Slovik was a Polish-American who found himself in France in 1945. When he deserted, he wrote a note explaining that “[t]hey were shelling the town and we were told to dig in for the night. The following morning they were shelling us again. I was so scared, nerves and trembling, that at the time the other replacements moved out, I couldn’t move. I stayed there in my fox hole till it was quiet and I was able to move.” When he later turned himself in for desertion, two officers advised him to tear the note up and when he refused, one wrote on the back that he understood it could be used against him in his court martial. Sure enough, it was.

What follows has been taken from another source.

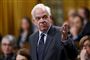 Efter 20 år i canadisk politik er John McCallum nu smidt på porten. Det skyldes hans udtalelser i sagen om en tilbageholdt kinesisk topchef. Billedet er fra en tale i parlamentet i Ottawa i 2016.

A later review of the decision making of the officers who imposed and later ratified the death sentence revealed that when the sentence was imposed there was little expectation that it would be carried out. However, by the time Slovik’s plea for mercy reached the desk of General Eisenhower in December, the Battle of the Bulge – the last attempt by the Germans to turn the tide – was at its height, and Allied desertions were mounting with the casualties. It is said that he felt the need to ratify the death sentence “to encourage the others”.

Slovik was sent back to his own unit to be killed, to the surprise of General Norman D. Cota, Commander of the 28th Division. Of the 12 members of the execution detail one had a blank so they would all have psychological deniability. They were meant to aim to kill, though, and Slovik was hit by eleven bullets. But only four would have been fatal, and one hit the shoulder and two the arm. An Army physician determined Slovik had not been immediately killed, but he died, at 24 years old, before the firing squad reloaded.

Hence he became not just the only GI in World War Two, he became the first and last person since the end of the Civil War to die for desertion. The randomness is not so different today’s death penalty: in 2018 there were 15,498 murders in the U.S., with just 25 executions carried out. The broader point, though, which gives its name to the “Slovik Syndrome” is absent sense of responsibility among those imposing a death sentence – a constant passing of the buck.

I was – horrifyingly! – allowed to try a capital case in 1985, just one year out of law school. I barely knew my way to the courthouse let alone what to do once I got there. The unfortunate victim of my ignorance was John Pope, who was unsurprisingly sentenced to death. In the U.S. we are allowed to talk to the jurors about their decision: of the twelve, not a single person thought John would, or even should, be executed but they were very concerned about him being paroled on a life sentence in the minimum seven years. They thought a death sentence would result in a couple of decades of appeals before it would be overturned, so John would spend twenty years in prison before being released in his sixties.

The appellate courts prefer to ignore such realities. The elected judges on the state courts often expect the federal courts to take the heat for throwing out a death sentence in a highly charged local case – at the time, the Georgia Supreme Court affirmed well over ninety percent of death sentences. The federal court of appeals then says that they will not reverse unless there is already a clear Supreme Court precedent that requires it. The Supreme Court, in turn, opines that a decision upholding a death sentence is an exercise in respect for the State court system – who, they say, are we to disagree?

In other words, nobody ever takes true responsibility for the horror they unleash – any more than anyone did in the shooting of Private Eddie Slovik. The Slovik Syndrome teaches us that they just pass the parcel until it lands in the hands of the executioner. All of this is done in the name of the mythological God of Deterrence.

In common with other victims of the firing squad, Eddie Slovik was buried in a grave in the corner of a military cemetery, identified only by a number. It was not until 1987, after the death of his wife Antoinette, that the local community raised $5,000 to bring his remains back to Detroit for burial next to her. May they both rest in peace.